Data below Block Start
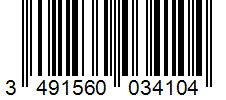 Barcode 3491560034104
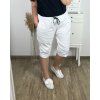Kraťasy šortky strečové dámské nadrozměr (2XL/3XL/4XL ONE SIZE) ITALSKÁ MÓDA IM424KEJSY/DR (Velikost 2XL/3XL, Barva bílá)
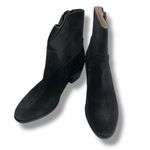 UGG  Womens Breeda Suede Ankle Boots Mid Heel Zip Closure Almond Toe Black Sz 9 Photo 2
Data below Block End
Work to complete – Please set down, word for word, the lines starting at the line that holds "Kraťasy šortky strečové" and running to the end of the listing, with no pictures.

Answer area –
Kraťasy šortky strečové dámské nadrozměr (2XL/3XL/4XL ONE SIZE) ITALSKÁ MÓDA IM424KEJSY/DR (Velikost 2XL/3XL, Barva bílá)
 UGG  Womens Breeda Suede Ankle Boots Mid Heel Zip Closure Almond Toe Black Sz 9 Photo 2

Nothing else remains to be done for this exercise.